De Cochabamba à Santa Cruz
Nous sommes arrivés à Cochabamba au milieu d’un chaos plus grand encore causé par la révolution. Nous avons trouvé un marché couvert de tentes où un Péruvien très aimable nous a permis de faire un peu de toilette et d’entreposer nos valises tandis que nous nous rendions au terminal du bus. Toujours grâce aux mêmes arguments, nous avons été mis sur liste d’attente pour un autre bus et sommes arrivés quelques jours plus tard à Santa Cruz (Bolivie) près de la frontière brésilienne. Durant trois jours, je suis allé à la gare pour demander s’il y avait des départs. La réponse était à chaque fois négative. Mais le quatrième jour, la nouvelle s’est répandue qu’un train partirait bientôt pour le Brésil.
À ce moment-là, nous commencions à manquer d’argent. J’ai fait part de mes inquiétudes à ma femme qui m’a fermement répondu : « Même si nous devons y aller à pied ou à dos d’âne, nous irons. » Sa réponse m’a réjoui. Je n’ai plus été déstabilisé par la question de l’argent durant le reste du voyage parce que nous avions placé notre confiance en notre foi.

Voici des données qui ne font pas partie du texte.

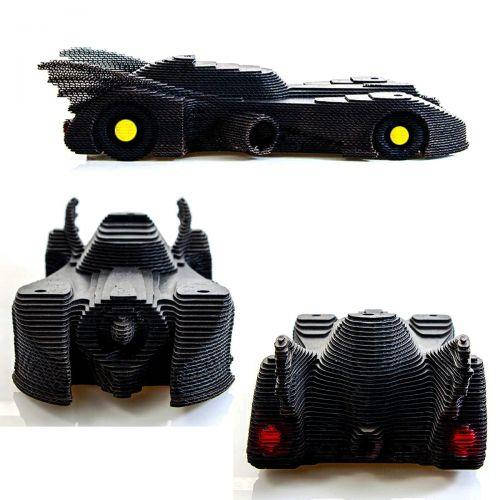 

3D пазл DaisySign "Batmobile"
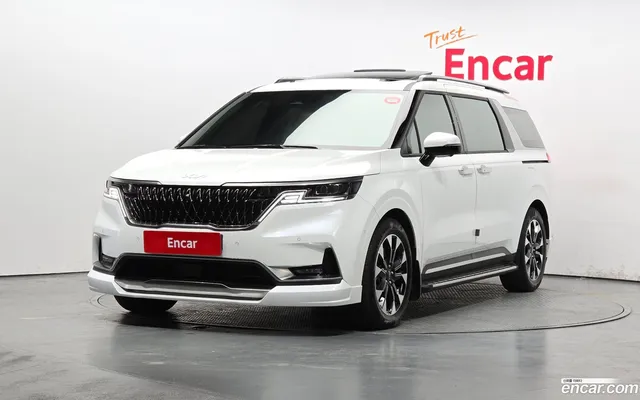 Kia Carnival 9 — миниатюра 1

Alors que nous discutions, une vieille dame s’est approchée de nous. Elle s’est arrêtée devant ma femme et a dit : « Jeune femme, voudriez-vous deux billets pour aujourd’hui ? » Ma femme lui a pratiquement arraché les billets des mains ! J’ai payé la vieille dame et elle a disparu dans la foule. Il nous a fallu quelques secondes pour nous rendre compte que le Seigneur et ses anges étaient toujours à nos côtés.
De Santa Cruz à São Paulo
Lorsque nous sommes enfin arrivés au temple de São Paulo après y avoir été conduits par un ami que nous nous étions fait dans le train, la maison d’hôtes du temple était fermée. Résignés mais heureux, nous nous sommes confortablement installés sur des bancs situés à l’extérieur du temple. Il était là, aussi beau que nous en avions rêvé, avec la statue de l’ange Moroni à son sommet. Il était maintenant minuit, nous pleurions dans les bras l’un de l’autre, fatigués et mouillés par la pluie qui tombait. Pourtant, nous ne ressentions pas l’humidité, la faim ni le froid, seulement une joie indescriptible d’être si près de la maison du Seigneur. Nous avions été obéissants, et notre récompense était là.

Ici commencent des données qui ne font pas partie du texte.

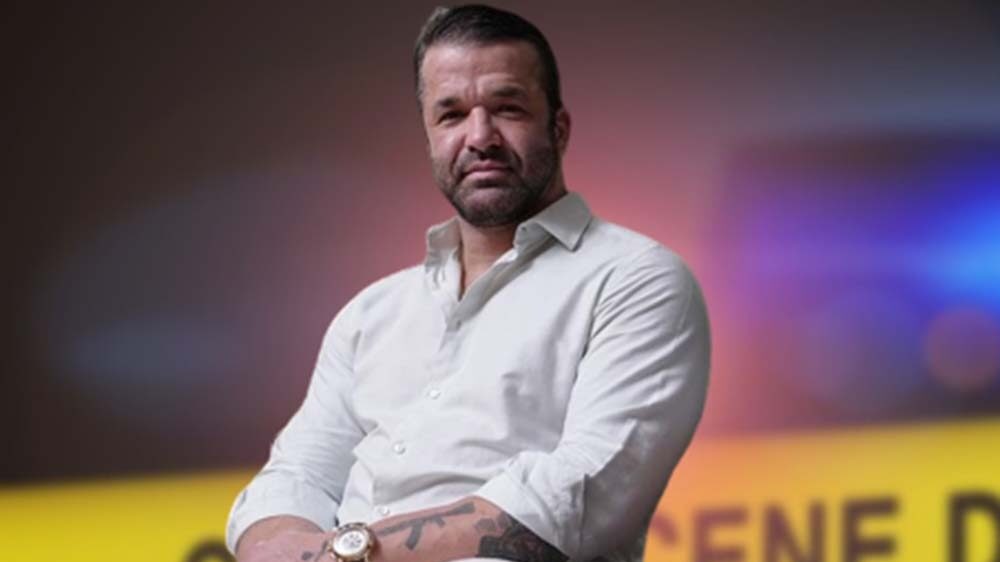 empresario, chantagear, ex-ministro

Tandis que nous savourions ces instants, quelqu’un m’a tapoté l’épaule. C’était un de mes anciens collègues de mission, qui avait été scellé au temple avec sa femme ce jour-là et revenait de dîner avec elle. Il nous a reçus dans son appartement cette nuit-là et, le lendemain, il a été notre témoin lors de notre scellement accompli par le président du temple en personne. Comme c’était merveilleux de voir ma femme dans la salle céleste, toute vêtue de blanc !
Grâce à une avance d’argent de mon ami missionnaire et à l’aide du président du temple, nous avons pu faire le voyage du retour en moins de cinq jours sans aucun contretemps et, avec seulement vingt dollars en poche, j’ai débuté ma vie avec ma femme, Maria Ondina, comme compagne éternelle.